* EXERCISE DETAILS
Find the line containing "Edmonton, Alberta, Kanada." in the entries below. Restate it and each line after it, word for word, up to and including the line containing "2 slaapkamers, een".

+++ EXERCISE DATA

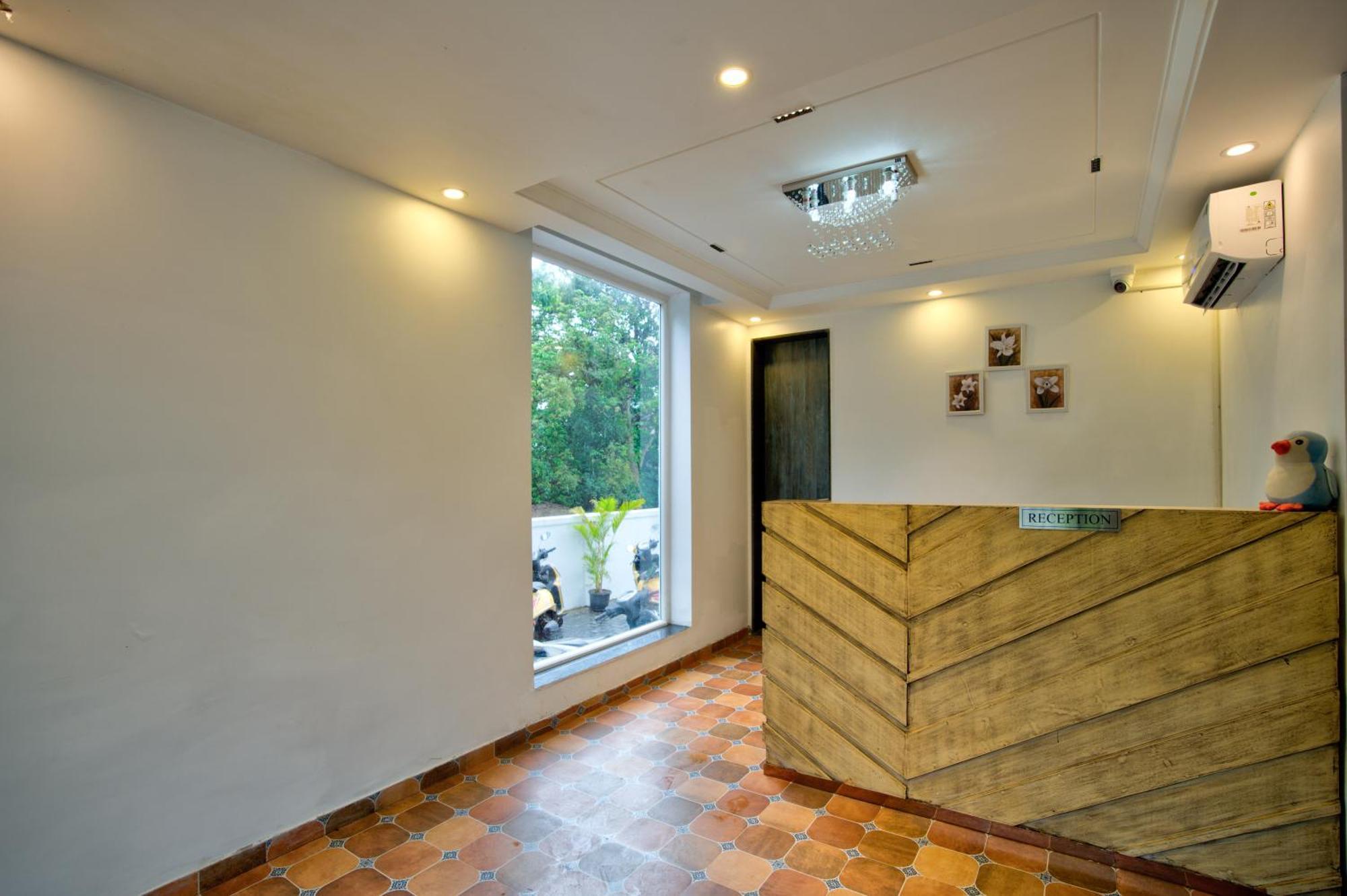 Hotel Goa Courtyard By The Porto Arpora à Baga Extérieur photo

++++++
+++ EXERCISE DATA

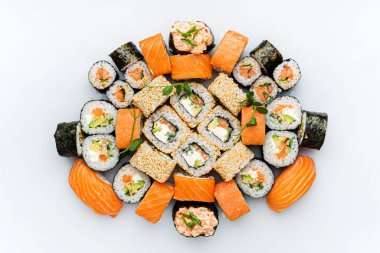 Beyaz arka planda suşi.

++++++
+++ EXERCISE DATA

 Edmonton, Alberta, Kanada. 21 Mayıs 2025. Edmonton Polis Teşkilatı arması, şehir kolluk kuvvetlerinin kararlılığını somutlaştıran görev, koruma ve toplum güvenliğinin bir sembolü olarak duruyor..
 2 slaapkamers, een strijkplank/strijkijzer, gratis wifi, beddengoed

++++++

* FINISHED TASK
 Edmonton, Alberta, Kanada. 21 Mayıs 2025. Edmonton Polis Teşkilatı arması, şehir kolluk kuvvetlerinin kararlılığını somutlaştıran görev, koruma ve toplum güvenliğinin bir sembolü olarak duruyor..
 2 slaapkamers, een strijkplank/strijkijzer, gratis wifi, beddengoed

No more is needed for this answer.